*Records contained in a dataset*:
━━━━━━
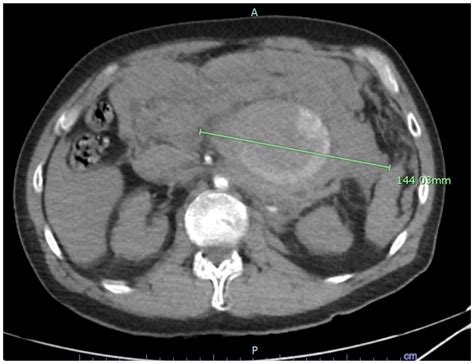 Endovascular and Open Surgical Treatment of Ruptured Splenic Artery ...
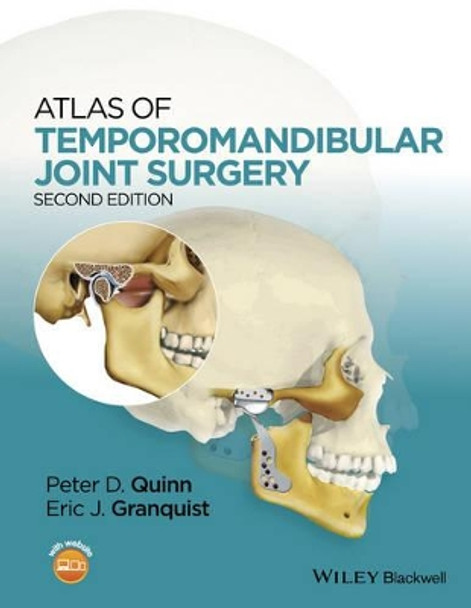 Atlas of Temporomandibular Joint Surgery by Peter D. Quinn 9781119949855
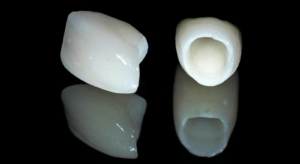 Керамические коронки на зубы в СПб — стоматология «Премьера» ☎ +7 (812) 309-00-52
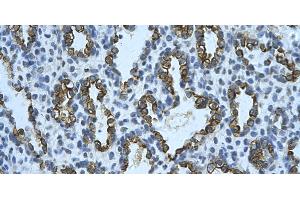 Rabbit Anti-KRT8 Antibody       Paraffin Embedded Tissue:  Human alveolar cell   Cellular Data:  Epithelial cells of renal tubule  Antibody Concentration:   4. (KRT8 antibody  (N-Term))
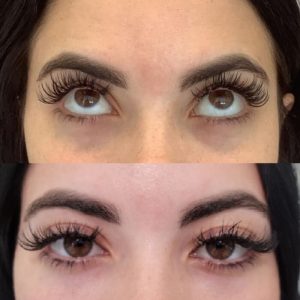 under-eye-filler-6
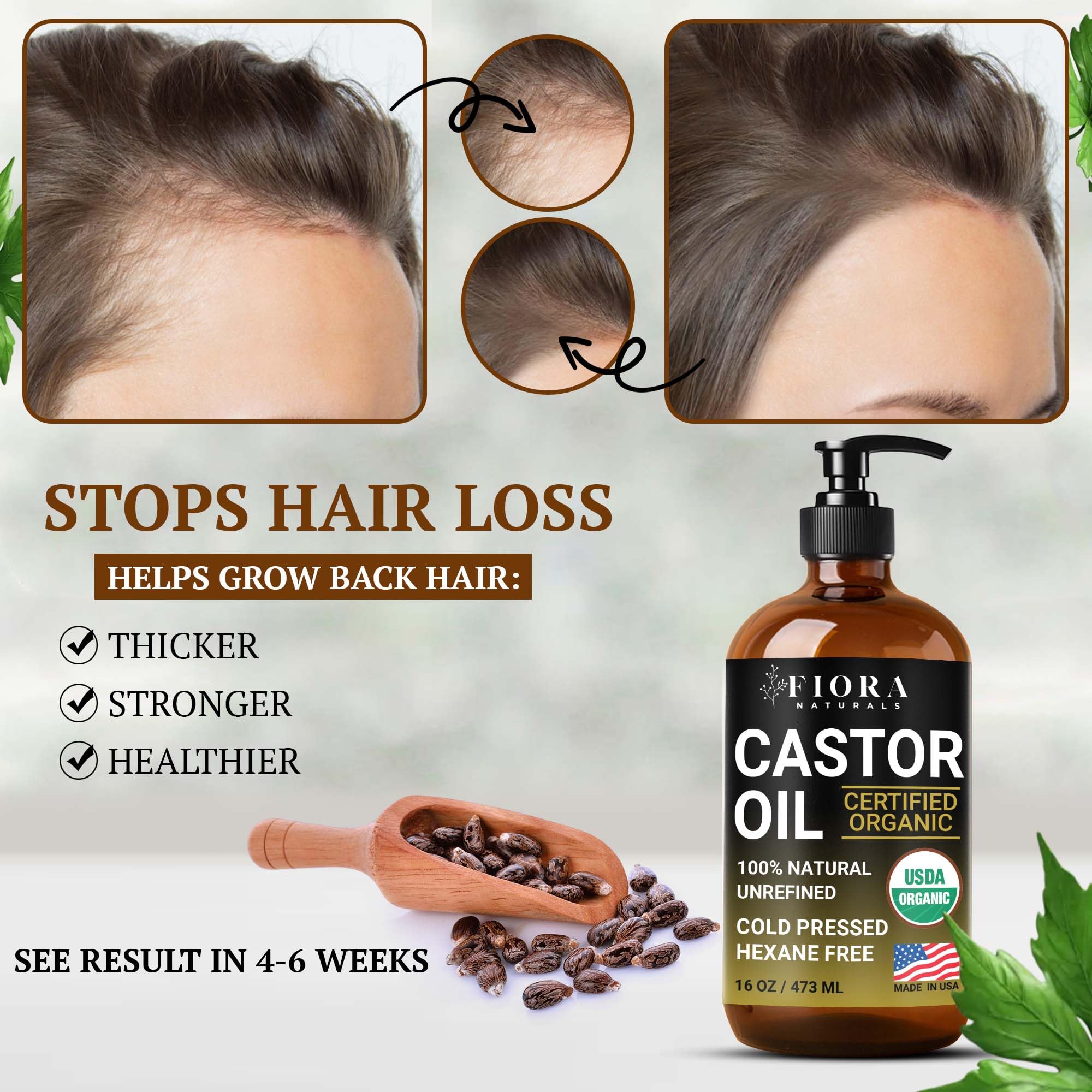 Soin capillaire Fiora Naturals: huile de ricin pour cheveux et ongles nourrissants.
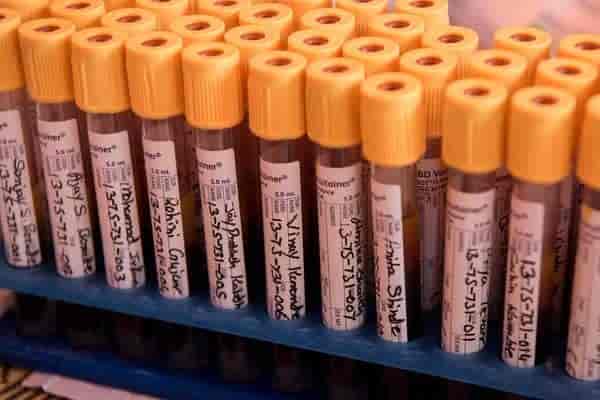 Myelin Basic Protein, CSF (L) Test for Men & Women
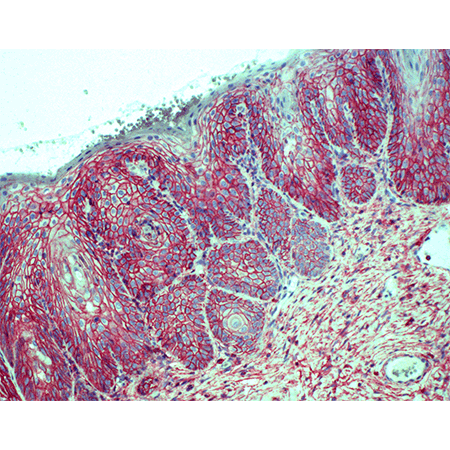 POLYVIEW® PLUS AP (anti-mouse) reagent 2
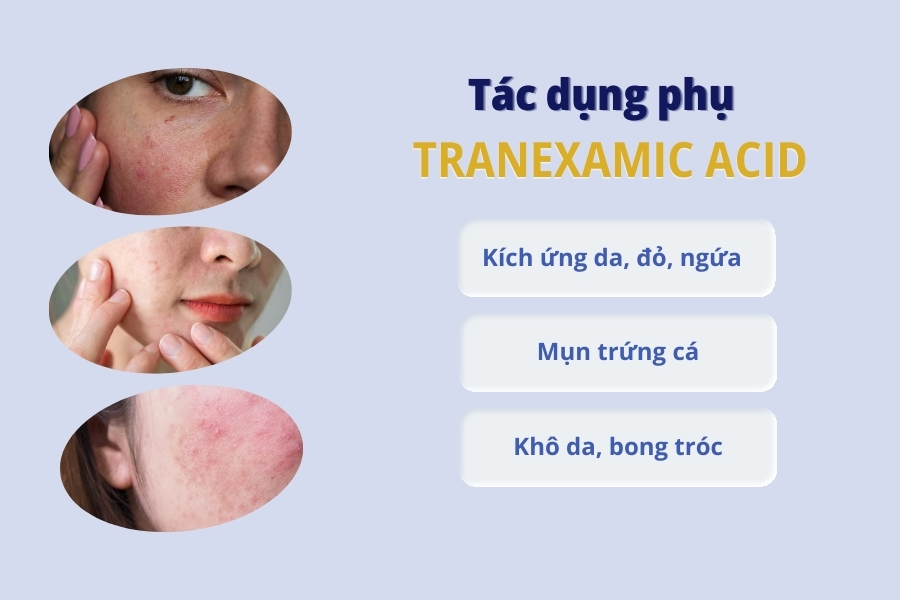 Tác dụng phụ của tranexamic acid là gì?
━━━━━━
*DIRECTIONS*: Transcription of the lines from the one with "Atlas of Temporomandibular" through the end of the entries is required, exact and with no pictures.

*SOLVED PROBLEM*:
 Atlas of Temporomandibular Joint Surgery by Peter D. Quinn 9781119949855
 Керамические коронки на зубы в СПб — стоматология «Премьера» ☎ +7 (812) 309-00-52
 Rabbit Anti-KRT8 Antibody       Paraffin Embedded Tissue:  Human alveolar cell   Cellular Data:  Epithelial cells of renal tubule  Antibody Concentration:   4. (KRT8 antibody  (N-Term))
 under-eye-filler-6
 Soin capillaire Fiora Naturals: huile de ricin pour cheveux et ongles nourrissants.
 Myelin Basic Protein, CSF (L) Test for Men & Women
 POLYVIEW® PLUS AP (anti-mouse) reagent 2
 Tác dụng phụ của tranexamic acid là gì?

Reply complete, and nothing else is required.